Di sepanjang perjalanan, banyak sekali hardtop-hardtop membawa wisatawan dan berfoto di bukit Teletubbies. Ada yang foto pre wedding juga.

Gunung Bromo dan Gunung Batok

Setelah mencoba berpuas-puas diri berfoto di Padang Savanna, saatnya kami melewati Lautan Pasir, dan kemudian kami memilih segera parkir. Sesampainya disana, banyak masyarakat lokal yang menawarkan naik kuda dengan harga Rp 25.000,- sekali jalan (kalau tidak salah ingat). Aku memilih nggak, Soalnya mau ambil foto sebanyak-banyaknya, dan menikmati mendaki gunung, hehe..

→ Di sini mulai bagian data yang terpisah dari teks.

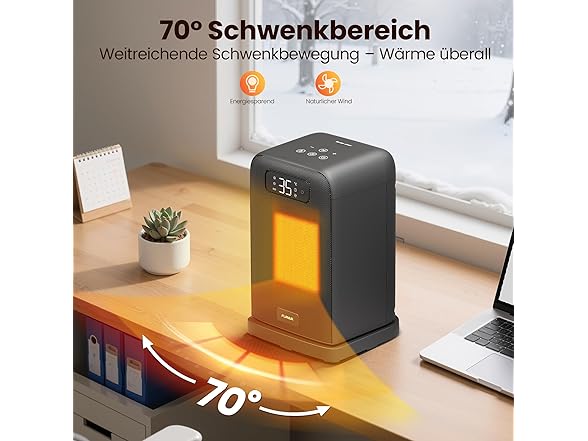 FLANUR Space Heater for Indoors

Gunung Bromo dari Tempat Parkir

Ini Bukan Bromo yah! Ini Gunung Batok! Bersebalahan dengan Bromo


Gunung Bromo, Pegunungan Tengger
Menuju ke Gunung Bromo, Pemandangan Gunung Batok

Karena jarang olahraga, naik gunung Bromo segitu saja sudah capek. Tangganya pun tinggi sekali. Berhenti beberapa kali untuk mengambil foto. 
Lautan Pasir dari Atas Bromo

Kawah Bromo

Wisatawan Bromo

Lautan Pasir dan Bromo


Lautan Pasir Bromo

Lautan Pasir ini pasti dilewati kalau kita mau ke Bromo. Setelah puas foto-foto, kami memilih pulan dan berfoto-foto di Lautan Pasir. Menikmati licinnya pasir Bromo dengan Trail. Tentunya ada jalur-jalur khusus yang dilarang dilewati oleh pengendara karena jalurnya sangat licin dan berbahaya. Berhati-hatilah menyetir saat melewati lautan pasir ini, naik trail pun juga licin. Selama melewati lautan pasir, ada semacam tornado-tornado kecil di pinggiran yang mengangkut pasir-pasir memutar-mutar terbang. Sayangnya nggak sempat foto. Kalau mau foto, harus menunggu momen tornado kecil itu.





Saatnya kami pulang dan menembus awan pegunungan lagi. Travelling benar-benar menyegarkan pikiran. Maka ber-travelling selama masih bisa. Cukup explore daerah sekitar tempat tinggal kita, dan publikasilah hasilnya di blog atau media sosial bagaimanapun kondisinya. Tentunya sebagai upaya untuk mengenalkan tempat wisata menurut pandangan orang lain. Secara nggak langsung, kita mengajak orang lain berwisata, walau hanya dalam bayangan, hehe...Inilah Travelling Naik Trail ke Bromo-ku, dan travellingmu?

  • Akses : dengan kendaraan pribadi atau nyewa hardtop , sekitar 1 jam dari kota Malang via Tempat Wisata Wendit - Tumpang - Gubukklakah (Poncokusumo). Lewat Pasuruan : Pasuruan - Wonokitri - Simpang Dingklik. Lewat Probolinggo : Probolinggo - Sukapura - Cemorolawang. Lewat Lumajang : Lumajang - Senduro - Ranupani - Jemplang. 
  • Biaya : Jika ingin sewa Trail (Rp. 250.000,-), bensin motor (Rp. 30.000,-), parkir (Rp. 5.000,-),  Jeep/ Hardtop (diatas Rp. 350.000,-) kalau dari kota Malang tentu lebih mahal lagi.
  • Kebersihan : bersih
  • Fasilitas : parkir, KM, WC, warung, penginapan (daerah kawasan TNBTS di Probolinggo atau Pasuruan), persewaan hardtop, Sewa Angkutan Kuda.
  • Ramah Anak Kecil : lebih baik lewat Pasuruan atau Probolinggo, kalau lewat Malang mending sewa mobil khusus ke Bromo/Jeep/hardtop.